SCALABLE ALGORITHMS FOR STATISTICAL INFERENCE ON LARGE NETWORK DATA
Large-scale networks are becoming increasingly common in a variety of disciplines such as epidemiology, social science, and digital health. Such massive networks challenge the storage and computational limits of existing statistical inference methods, which are essential tools for data-driven scientific discoveries from such networks. Therefore, there is a great need for new statistical inference methods that are (a) theoretically sound, (b) methodologically versatile, i.e., applicable to a wide spectrum of models and inference goals, and (c) computationally feasible even for large-scale networks. To accomplish this and meet the challenge of inherent inter-dependency and complexity of networks, Professor Chen and his lab propose new approaches for subsampling-based inference of large-scale networks: Subsampling with Common Overlap, Predictive Inference, and a hybrid of these two algorithms. The proposed methods will be integrated into inference tasks such as community detection, model fitting, model selection, and hypothesis testing.

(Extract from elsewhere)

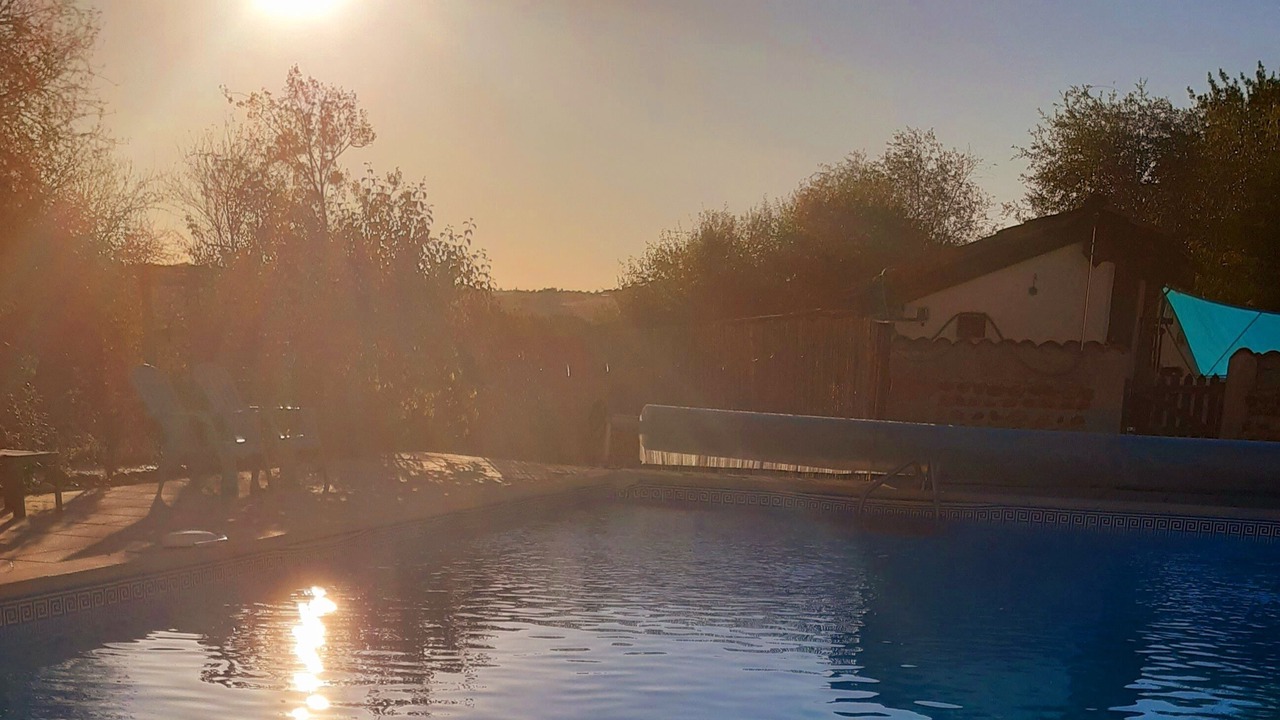Photo of Outdoor in Peyriguere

Professor Chen and his lab will collaborate with domain experts from various disciplines to apply the new methods for solving large-scale scientific problems in these fields. This work will also accomplish broader impacts in education through curriculum development and mentoring of students. Research results will be disseminated to the scientific community through publication in research journals, conference presentations, and free open-source software.